Now in her seventies, Naata is one of the leading Kintore women artists and a respected elder within the Pintupi tribal group. Traditional initiation into the sacred knowledge of Women’s Law has given Naata the authority to paint designs depicting women’s sites and journeys and the sacred ceremonies they performed. The designs women painted on their bodies during these ceremonies are carried over onto the picture surface and project the same rhythmic quality felt in a live performance. These ceremonies enact and celebrate the ancestral Tingari women who, like the Tingari men, also travel the vast stretches of country, creating and shaping the features and creatures of the landscape and teaching the ways of survival within this often physically demanding terrain. Naata includes visual references to the food collected, the waterholes they visited and the encampments where they came together in large groups to share their wisdom and teach the young. Her preference for pale creamy ochres imparts a calming softness to her paintings while her unhurried compositions seem to bring all elements together with a spacious sense of harmony and inclusiveness. Like other women artists of her painting group, Naata likes to apply paint thickly, as though molding a rich and textured surface, reflecting her feel for the earth, which underscores her own spiritual and cultural foundations and that of her people.
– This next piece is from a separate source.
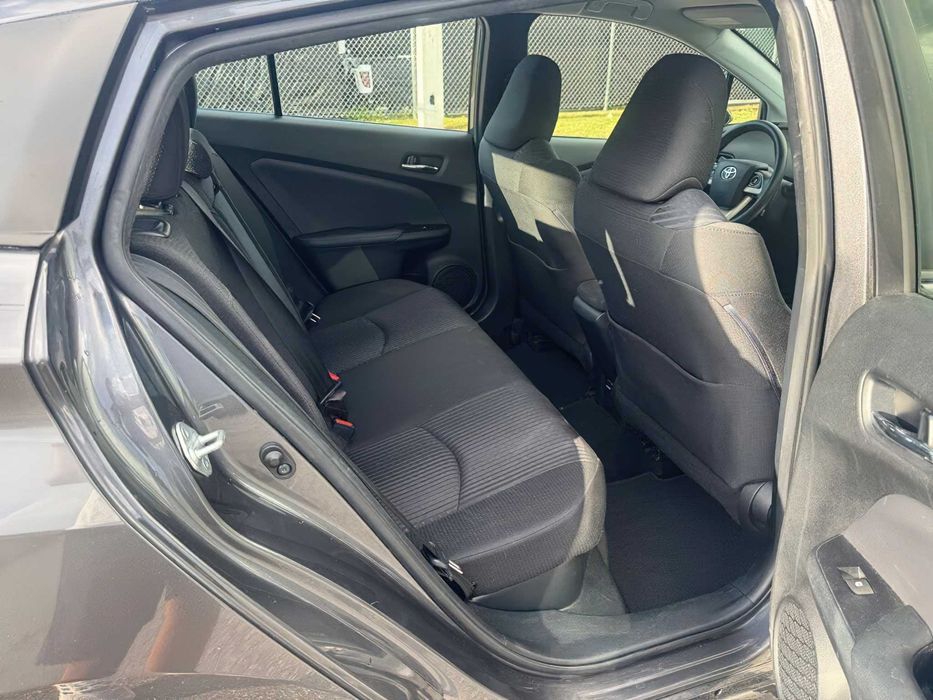 Toyota Prius      2016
Much like her contemporary Walangkura Napanangka, she is able to paint in a number of quite different yet consistent styles and can be quite adventurous with colour given the opportunity. Her most successful works at auction, however, have been created in relatively conventional ochre tones, while those that contain bright pinks, reds, or laden with orange and yellow ochres have tended to be less popular.
Her imagery varies from strikingly bold compositions created gesturally, to tight grids with contrasting in-filled dotting. Most recognisable are her paintings in which scallop shaped sites, denoting women, sweep in from the borders of the painted surface enclosing a combination of scattered roundels and striated bands and works consisting of an irregular grid, most effective when the colouring is subtle and the shading results in a clever balance.
Naata is the sister of George Tjungurrayi and Nancy Nungurrayi who are also highly sought after artists. In recent years, Naata along with George, Nancy, and her son, Kenny Williams Tjampitjinpa, have painted principally for Chris Simon of Yanda Art in Alice Springs, as well as a small number of others. The fact that artists of this calibre have been producing high quality works for others outside of their ‘official’ art centre has resulted in a great deal of tension between Papunya Tula and a number of independent dealers operating in Alice Springs. Much of the contemporary politics surrounding industry ethics has stemmed from such disputes. Yet Naata seems oblivious to this as she consistently produced works of the highest calibre while moving freely between Alice Springs and her country, deep in Central Australia. While her paintings have travelled the world, appearing in important exhibitions and have become amongst the most collectable of all Aboriginal art, Naata herself appears unaffected by it all, preferring to remain close to her family and her beloved country and eschewing the debate over ‘provenance’ that has spread like a brush fire around her. Should anyone doubt that she is being remunerated and cared for in an exemplary fashion, they need only look to the quality of her output for reassurance. Her works consistently border on the sublime.